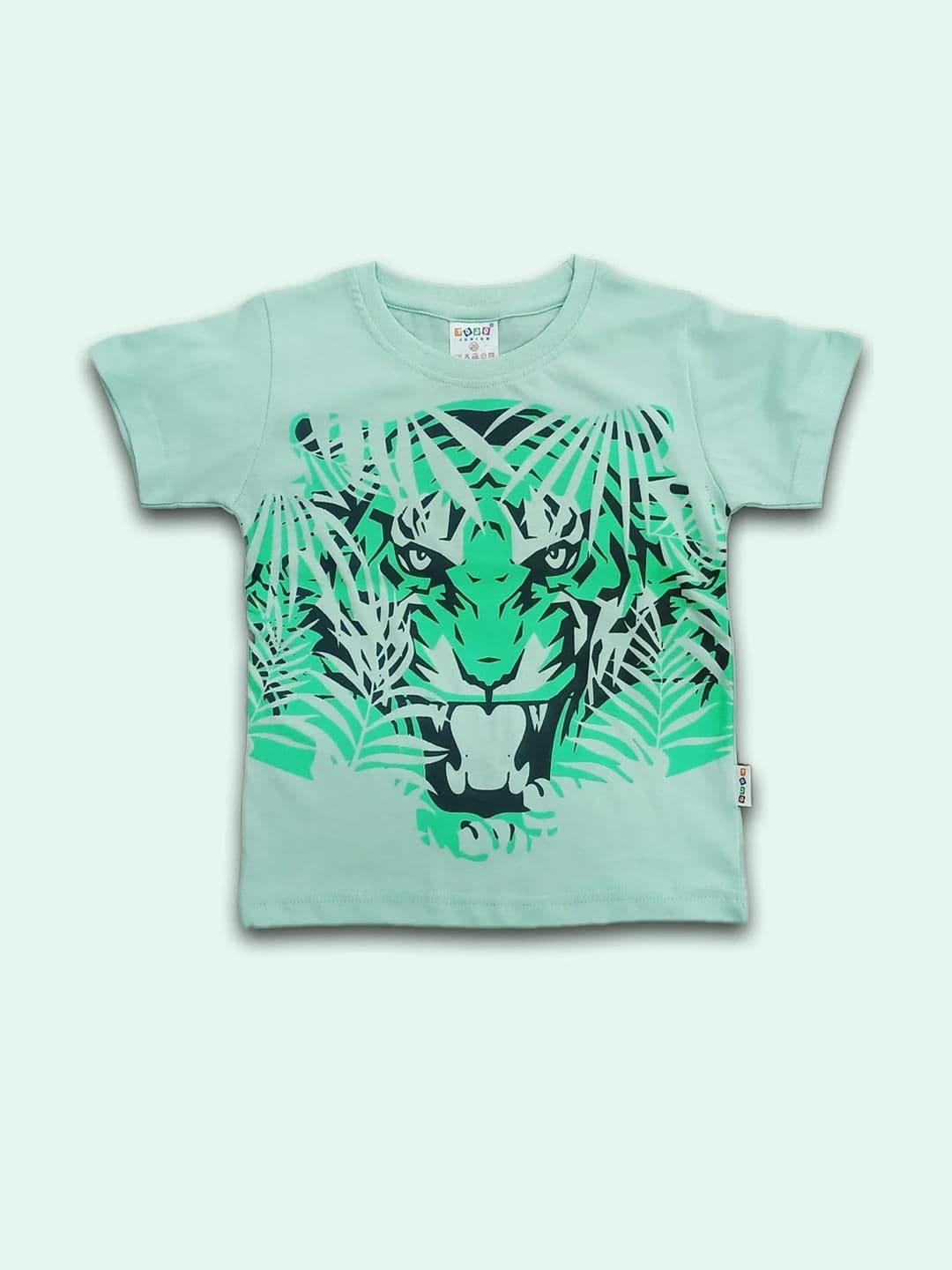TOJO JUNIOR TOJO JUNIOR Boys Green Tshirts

--

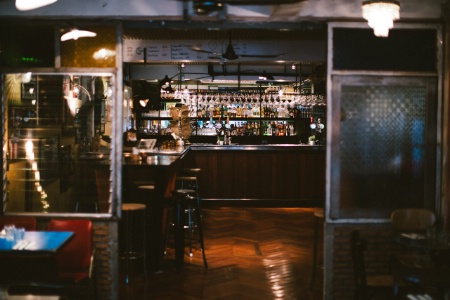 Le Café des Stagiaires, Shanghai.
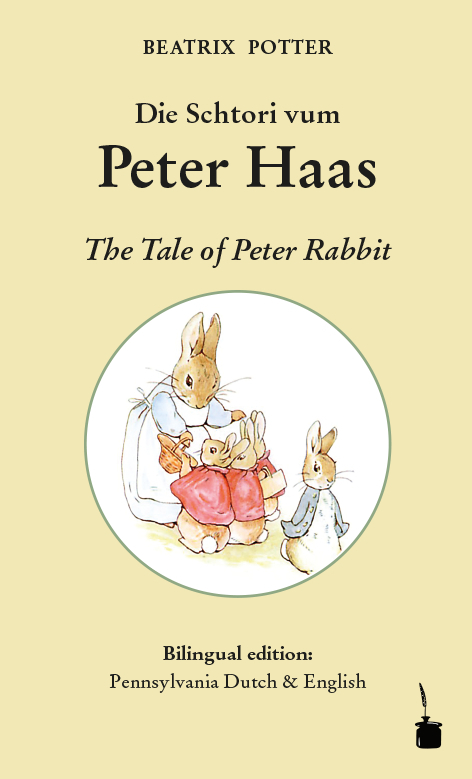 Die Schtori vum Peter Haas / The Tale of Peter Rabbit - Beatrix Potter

■ WHAT YOU SHOULD DO ■
Using the data above, return the lines from the one holding "Le Café des Stagiaires, Shanghai." through the one holding "Die Schtori vum" exactly, but not the pictures.

■ EXPECTED OUTPUT ■
 Le Café des Stagiaires, Shanghai.
 Die Schtori vum Peter Haas / The Tale of Peter Rabbit - Beatrix Potter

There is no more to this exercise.